We headed back to the Bethlehem bus stop and parted ways. I was a little nervous about the checkpoint but didn’t have any trouble at all, but several other passengers were checked outside the bus. It was astonishing to see the security installations around the road to Bethlehem. Consisting of a tunnel, walls around the highway, numerous watchtowers, and a 5-lane checkpoint, the road between Bethlehem and Jerusalem is essentially a military fortress. These installations and accompanying laws have prevented Yousef from visiting the City of David since 2001 despite its proximity. Unfortunately this is a very, very common situation for Palestinians living in the West Bank.

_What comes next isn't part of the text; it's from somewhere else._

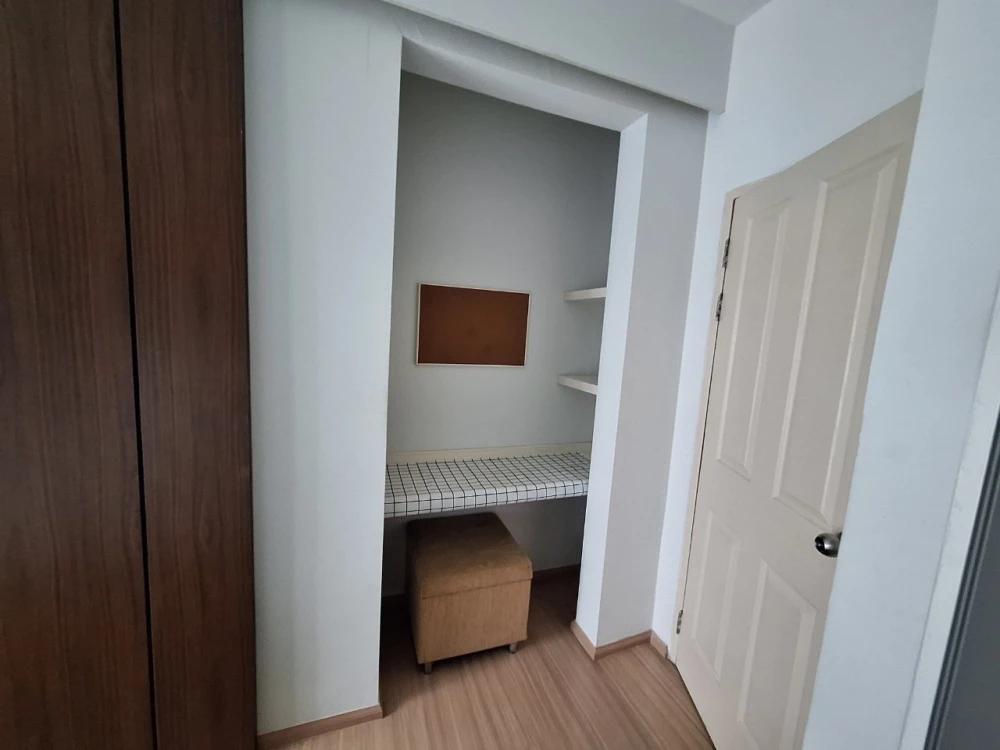 Condo for rent, A Space Asoke Ratchada, spacious room, lots of usable space, good price, hurry up and reserve.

Here’s a quick photo from Bethlehem. More soon.
This day has been incredible. I just got back from an open mic where everyone was amazingly talented. Picked up a CD from a spoken word poet. Lots of song, performance, generally mind-blowing people and ideas. Lots of commentary on Jewish identity, some of which I understood, more of which I wish I did. Young Jerusalem expats are the best. I’m just too exhausted to say more now, but might lay awake thinking about everything for hours. Everything here is so intense, the pace of life is astonishing.
I walked today, expecting to hit a wall. Literally.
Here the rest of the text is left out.